Exercise objective: Copying rule for the data below: pictures stay out, and only the lines from the one with "2025 Kenworth T880" down to the one with "3854 Is 630 Georgian Bay", inclusive, are repeated exactly.

Material shown:

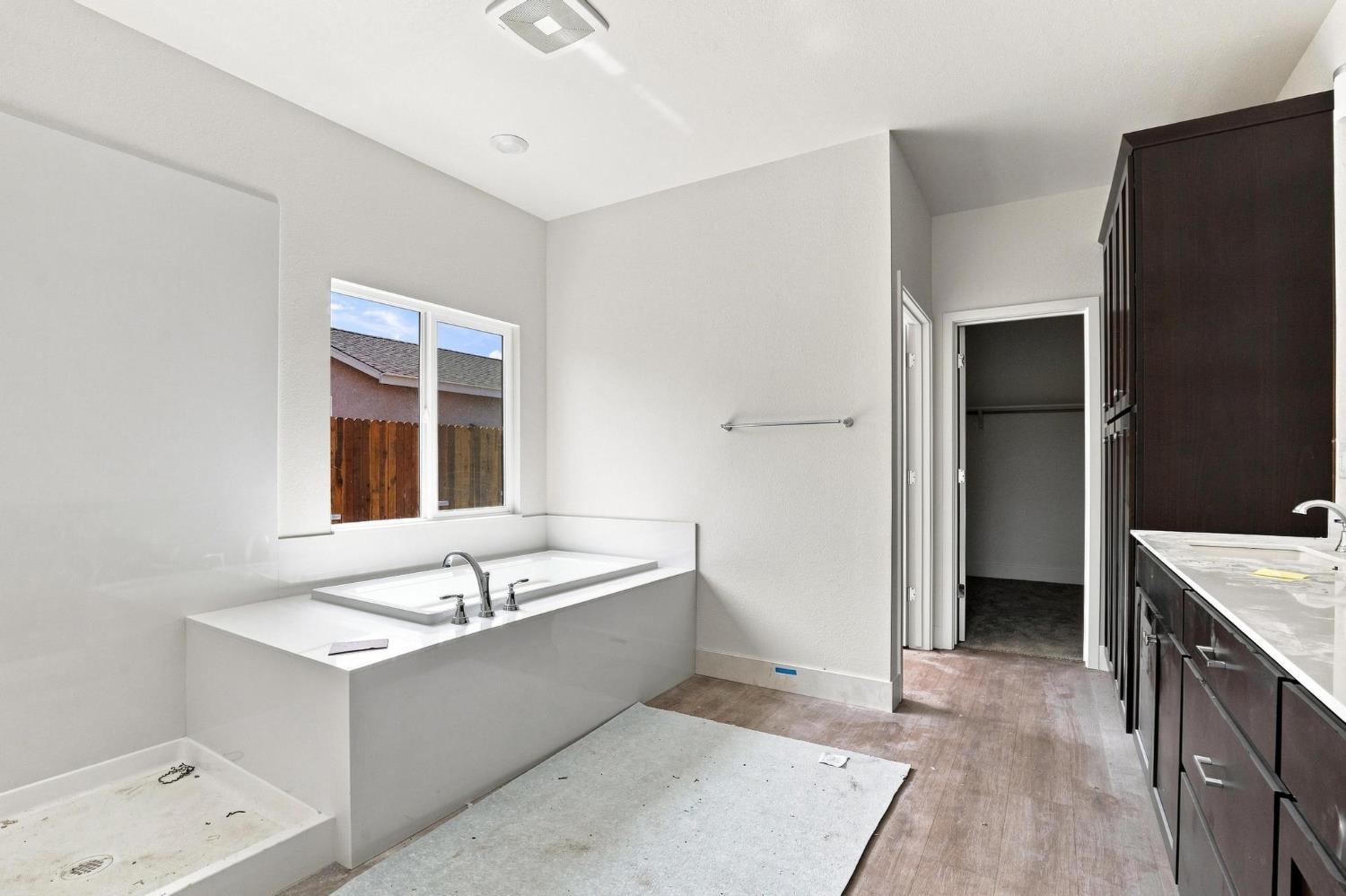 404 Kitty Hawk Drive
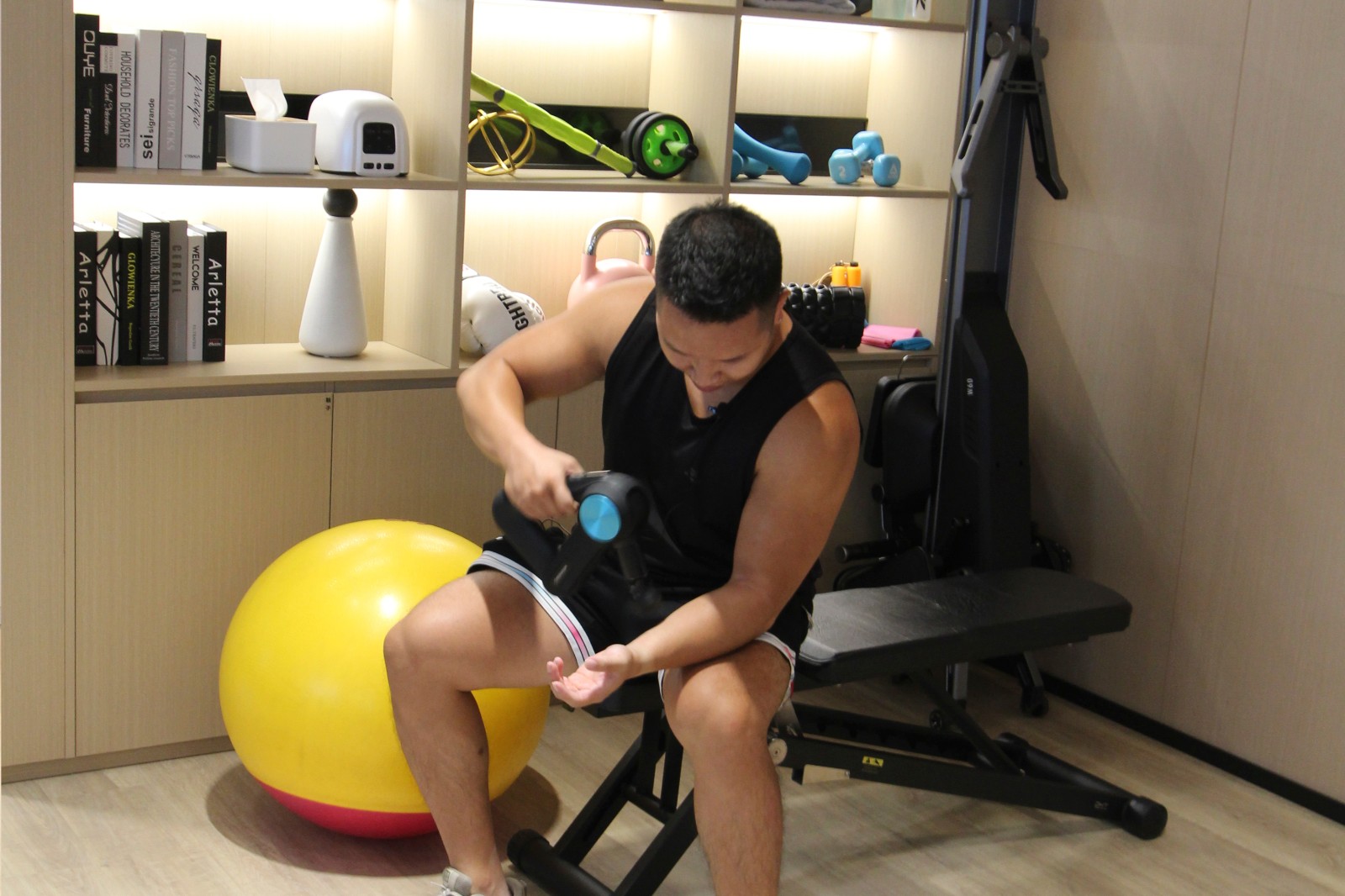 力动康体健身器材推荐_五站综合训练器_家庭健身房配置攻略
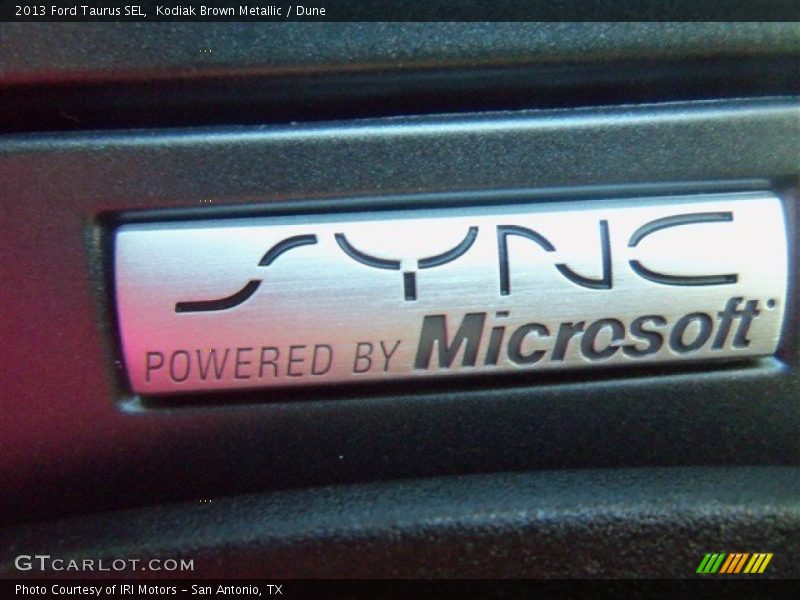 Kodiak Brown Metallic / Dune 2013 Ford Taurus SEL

* * *

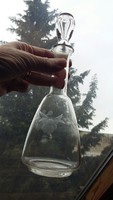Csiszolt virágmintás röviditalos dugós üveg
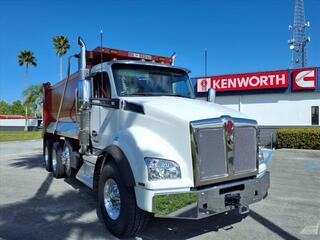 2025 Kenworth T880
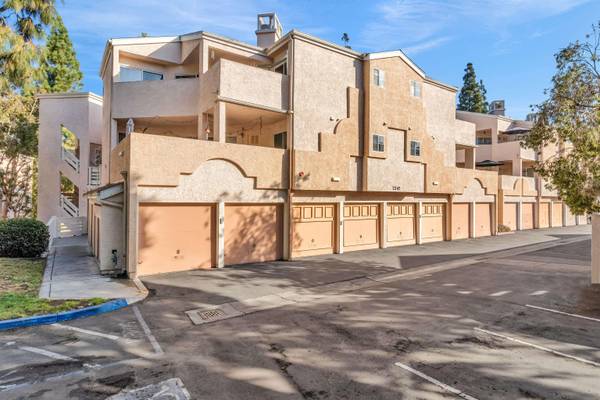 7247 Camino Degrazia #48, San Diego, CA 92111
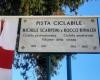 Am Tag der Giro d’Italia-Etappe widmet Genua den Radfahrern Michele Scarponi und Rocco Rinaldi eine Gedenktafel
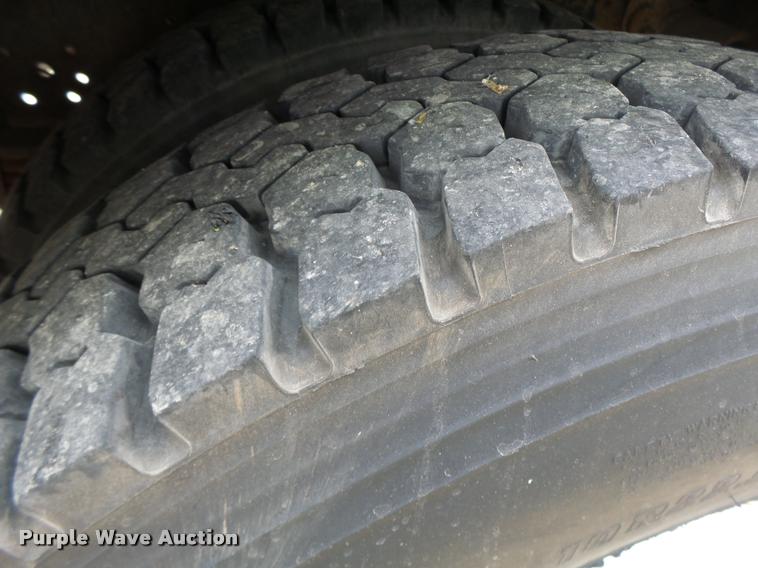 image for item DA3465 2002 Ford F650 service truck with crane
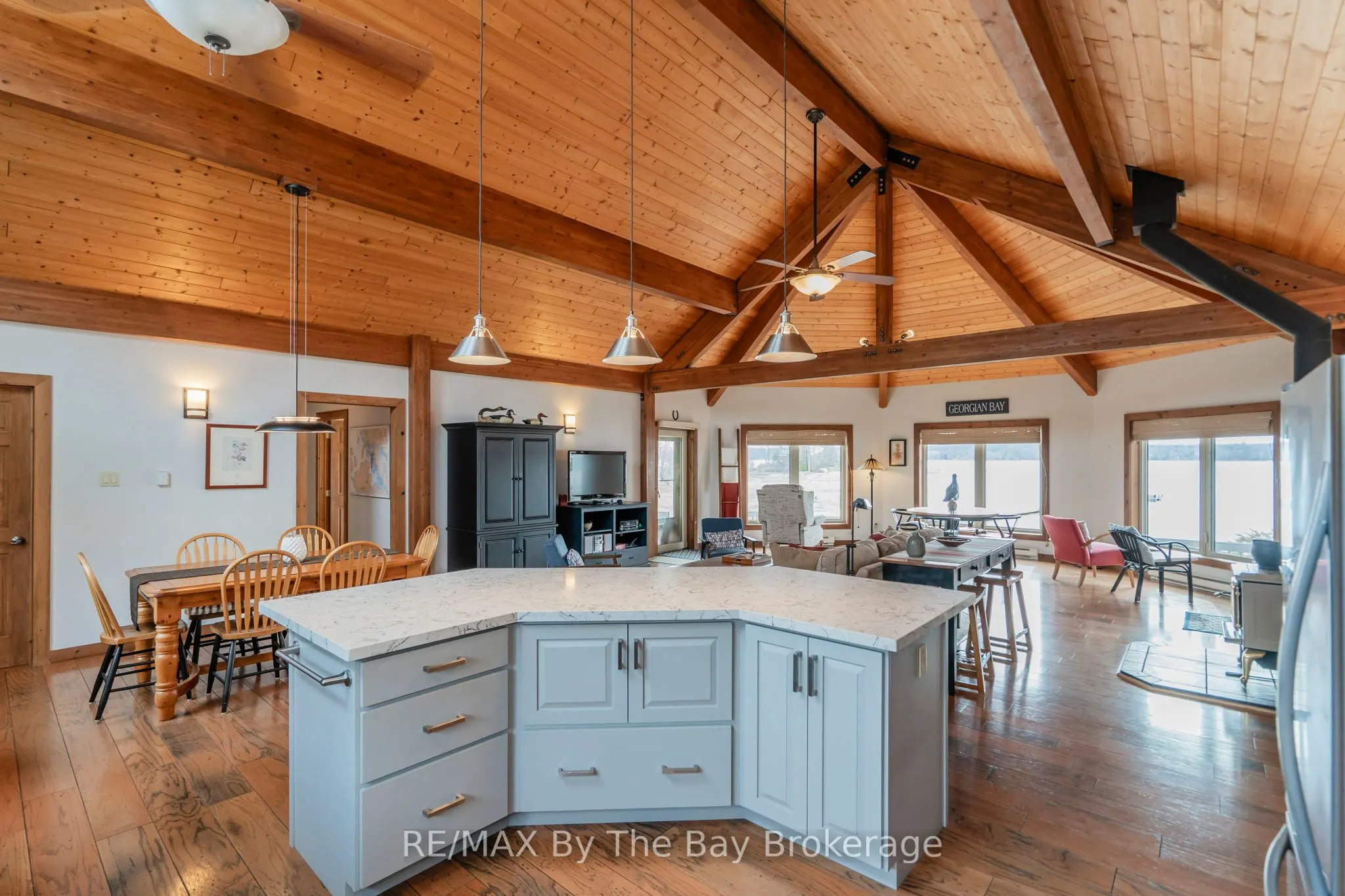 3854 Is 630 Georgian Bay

Exercise output:
 2025 Kenworth T880
 7247 Camino Degrazia #48, San Diego, CA 92111
 Am Tag der Giro d’Italia-Etappe widmet Genua den Radfahrern Michele Scarponi und Rocco Rinaldi eine Gedenktafel
 image for item DA3465 2002 Ford F650 service truck with crane
 3854 Is 630 Georgian Bay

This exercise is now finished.